Virtual Learning Likely For Baltimore County Schools This Fall
Baltimore County School Superintendent Darryl Williams said Tuesday night that he is leaning towards not reopening school buildings in September. Instead, county students would pick up where they left off in the spring, with virtual learning from home.
The Baltimore County School Board Tuesday night heard from Williams and other members of his staff about what the next school year will look like.
WYPR’s John Lee monitored the meeting and discussed what happened with Morning Edition host Nathan Sterner.
Sterner: Why does Superintendent Williams say he is leaning towards a virtual opening of school?
Lee: Here is what he had to say about that.
Williams: “I want to make it clear that the safety of our students and staff remain the top priority.”
Lee: The school board was presented with three possible options for the start of the school year. One is all students and staff back as normal. The second is a hybrid approach of virtual learning and in class instruction. Both of those options would require a long list of safety measures that would need to be put in place, including social distancing in school and on buses, temperature checks, deep cleaning of schools and isolation of sick students and staff members.
And then there is the third option, 100% distance learning.
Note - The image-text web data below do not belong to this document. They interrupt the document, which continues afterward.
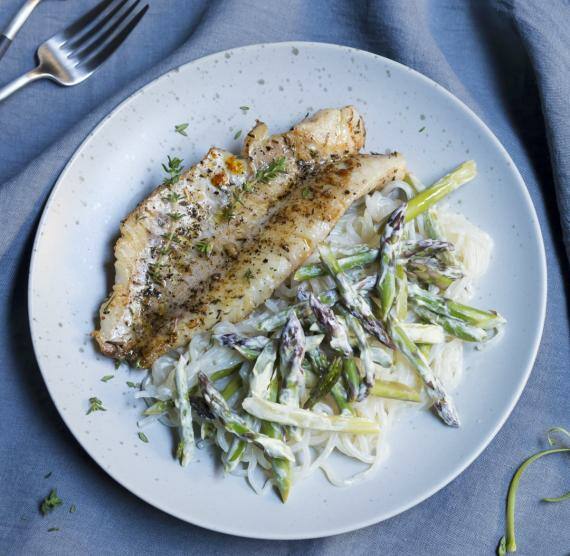 Grünes Spargel und Nudeln mit Fisch auf einem Teller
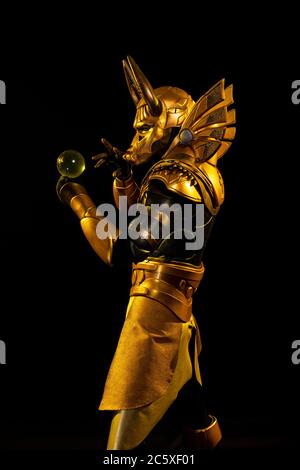 Ein männlicher Schauspieler in einem Anzug einer ägyptischen Mythologie-Figur, die goldene Gottheit Jackal Anubis, verdreht Buugeng in gelbem Licht auf schwarzem Hintergrund Stockfoto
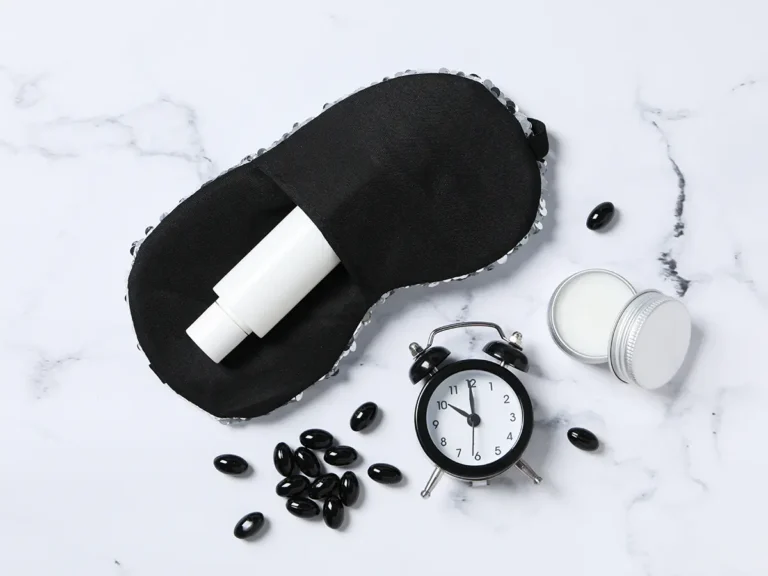 Flat lay on white marble surface with black sleep mask, cylindrical container, small black alarm clock, white jar, and scattered black capsules.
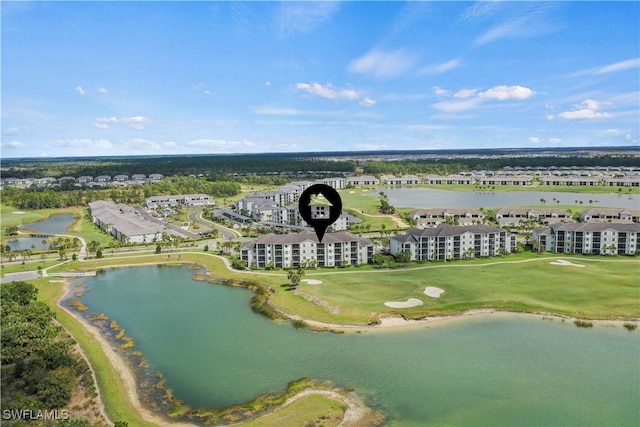 aerial view with view of golf course and a water view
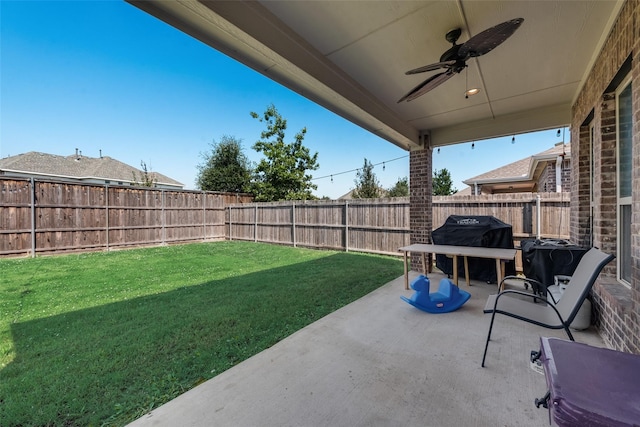 view of patio / terrace featuring ceiling fan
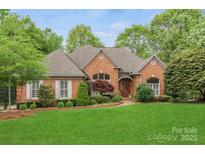 Charming brick home featuring manicured lawn, mature trees, and inviting curb appeal at 11424 Stonebriar Dr, Charlotte, NC 28277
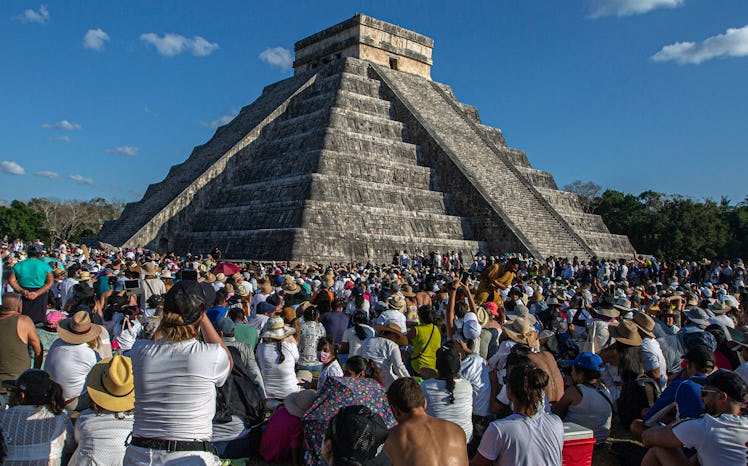 People surround the Kukulcan Pyramid at the Mayan archaeological site of Chichen Itza in Yucatan Sta...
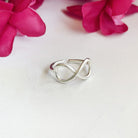 A silver ring with center infinity sign motifs sits against a white surface with a red flower in the background.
Williams said he is leaning towards that. Board member Lisa Mack pressed Williams on when he will make a final decision, saying she’s been hearing from parents who need to know so they can make plans.
Mack: “As far as babysitting, as far as their jobs. People are asking questions like what is the remote learning going to look like? How many hours? Will there be graded assignments? Is attendance going to be required?”
Lee: Williams said he should have a decision by the end of the month.
Sterner: The virtual learning that happened in the spring was rushed into place in an emergency. Will it look different this time around?
Lee: School officials say it will. They are promising it will be more rigorous and more scheduled. They are considering setting up a bell schedule to give it more of a feel of a school day. They are looking at providing more live instruction between teachers and students.
Board member Cheryl Pasteur, who is a retired principal, said students need real instruction. And for that to happen, Pasteur says teachers need training.
Pasteur: “They’re going to really have to know how to develop lessons that they can use that will reach the children over a screen. They will have to know how to take their children into breakout sessions.”
Lee: School officials believe having more live instruction will help students who struggled with virtual learning in the spring, particularly elementary school students.
Sterner: How about those students who did not engage in virtual learning at all in the spring? Does the Baltimore County school system have plans for them?
Lee: They do. The board was told last night that about 6% of the county’s elementary school students did not participate in virtual learning in the spring. For middle and high schoolers, it was around 5%.
In August, the county is planning to provide an in-school program for those students. They are still figuring out what that program will look like.
Also, if Williams does go with 100% virtual learning in the fall as he says he is leaning, then somewhere down the road they would consider phasing in students into school, perhaps focusing on students who struggle most with distance learning, or those students in the critical transition years of kindergarten, sixth and ninth grades.
And, Nathan, Williams points that that what he is considering is contrary to the phase of reopening the state currently is in.
That would allow a mix of in class and distance instruction. But Williams says the data he is seeing has him leaning towards a 100% virtual return for Baltimore County schools this fall.